● **YOUR OBJECTIVE**:
Every line from the start of the listing below through the line that contains "Air drone remote" is to be reproduced word for word.

INPUT START

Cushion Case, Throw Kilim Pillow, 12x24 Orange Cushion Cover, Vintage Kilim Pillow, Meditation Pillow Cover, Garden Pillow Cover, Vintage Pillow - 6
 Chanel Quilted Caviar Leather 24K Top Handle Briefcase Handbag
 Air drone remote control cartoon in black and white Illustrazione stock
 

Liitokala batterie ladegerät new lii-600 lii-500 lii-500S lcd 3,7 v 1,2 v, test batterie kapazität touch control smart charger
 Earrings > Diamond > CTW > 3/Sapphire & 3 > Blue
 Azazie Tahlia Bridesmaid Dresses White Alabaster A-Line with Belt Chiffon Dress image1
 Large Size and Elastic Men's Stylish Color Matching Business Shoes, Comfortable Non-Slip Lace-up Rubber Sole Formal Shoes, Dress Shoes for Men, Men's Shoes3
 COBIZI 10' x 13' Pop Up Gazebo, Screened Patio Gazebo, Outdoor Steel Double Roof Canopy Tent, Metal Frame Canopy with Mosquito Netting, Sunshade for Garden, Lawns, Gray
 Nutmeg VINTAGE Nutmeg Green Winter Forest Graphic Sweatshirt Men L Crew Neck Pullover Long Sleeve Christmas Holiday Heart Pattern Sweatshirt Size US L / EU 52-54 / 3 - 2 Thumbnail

INPUT END

● **OUTPUT OF THE EXERCISE**:
Cushion Case, Throw Kilim Pillow, 12x24 Orange Cushion Cover, Vintage Kilim Pillow, Meditation Pillow Cover, Garden Pillow Cover, Vintage Pillow - 6
 Chanel Quilted Caviar Leather 24K Top Handle Briefcase Handbag
 Air drone remote control cartoon in black and white Illustrazione stock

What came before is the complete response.